[Opening Supplied records section]
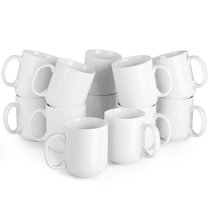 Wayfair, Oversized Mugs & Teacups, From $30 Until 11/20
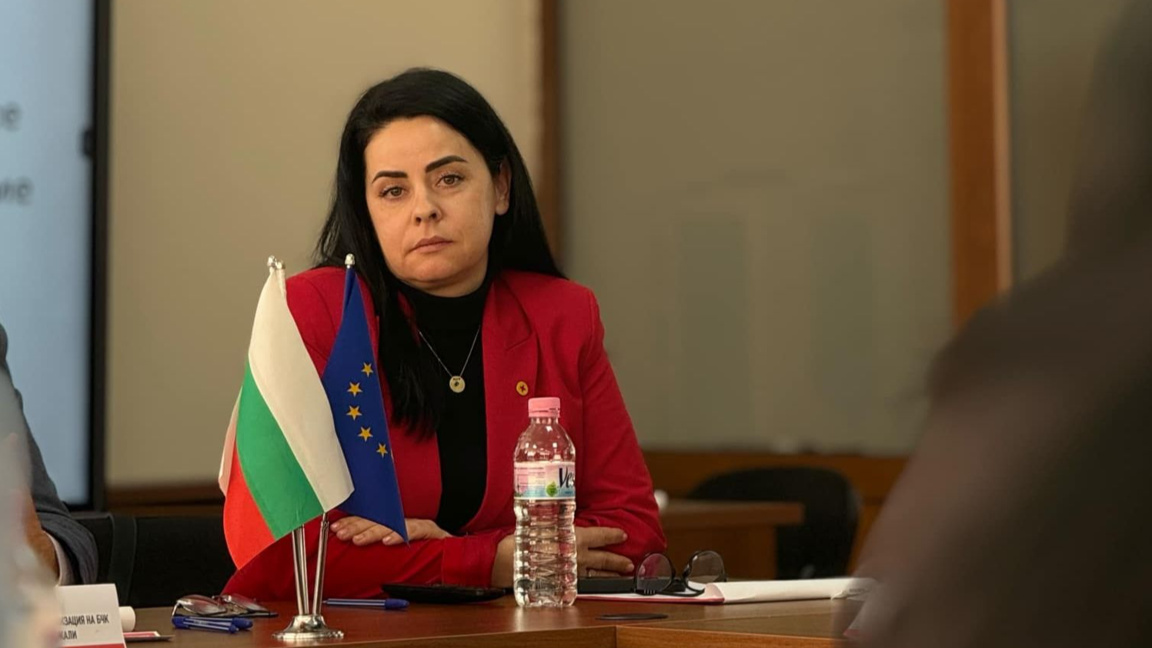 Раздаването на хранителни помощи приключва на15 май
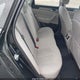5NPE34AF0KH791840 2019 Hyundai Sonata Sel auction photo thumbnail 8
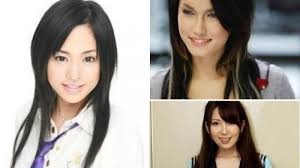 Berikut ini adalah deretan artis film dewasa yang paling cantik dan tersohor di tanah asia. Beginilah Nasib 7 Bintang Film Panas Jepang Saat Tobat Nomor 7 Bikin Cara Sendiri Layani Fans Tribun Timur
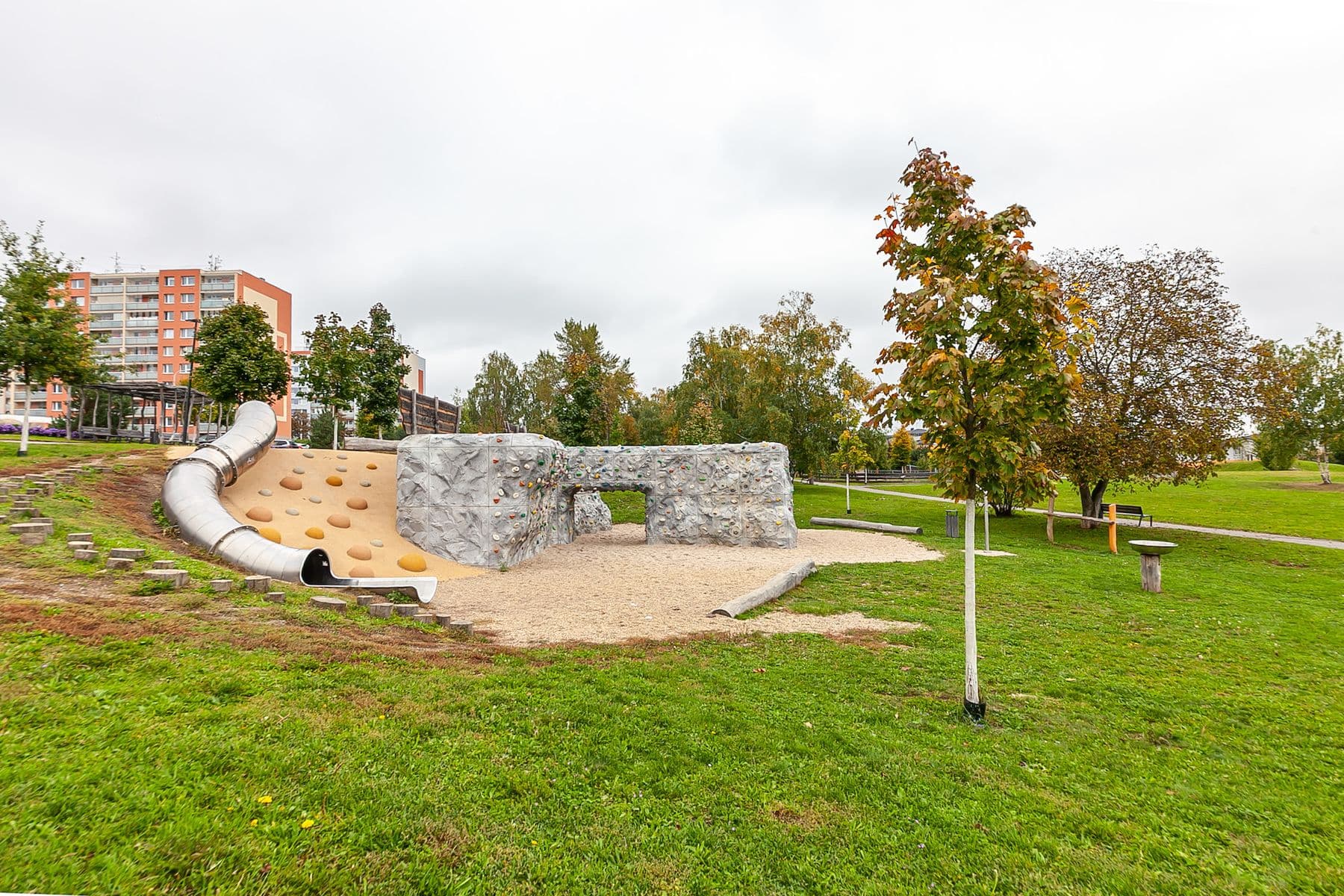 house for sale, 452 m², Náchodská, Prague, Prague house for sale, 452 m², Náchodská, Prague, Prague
[Closing Supplied records section]
[Opening Supplied records section]
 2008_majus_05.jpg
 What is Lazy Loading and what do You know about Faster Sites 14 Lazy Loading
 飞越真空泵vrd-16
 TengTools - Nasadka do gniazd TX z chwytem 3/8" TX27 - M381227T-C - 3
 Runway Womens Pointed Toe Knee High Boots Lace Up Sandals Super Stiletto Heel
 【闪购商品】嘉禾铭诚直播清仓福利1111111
[Closing Supplied records section]
▸ Brief:
Range to copy from the records above: the line containing "Wayfair, Oversized Mugs" to the line containing "house for sale, 452 m², Náchodská, Prague, Prague house", both included. Output those lines exactly and only those, skipping pictures.

▸ Task answer:
 Wayfair, Oversized Mugs & Teacups, From $30 Until 11/20
 Раздаването на хранителни помощи приключва на15 май
5NPE34AF0KH791840 2019 Hyundai Sonata Sel auction photo thumbnail 8
 Berikut ini adalah deretan artis film dewasa yang paling cantik dan tersohor di tanah asia. Beginilah Nasib 7 Bintang Film Panas Jepang Saat Tobat Nomor 7 Bikin Cara Sendiri Layani Fans Tribun Timur
 house for sale, 452 m², Náchodská, Prague, Prague house for sale, 452 m², Náchodská, Prague, Prague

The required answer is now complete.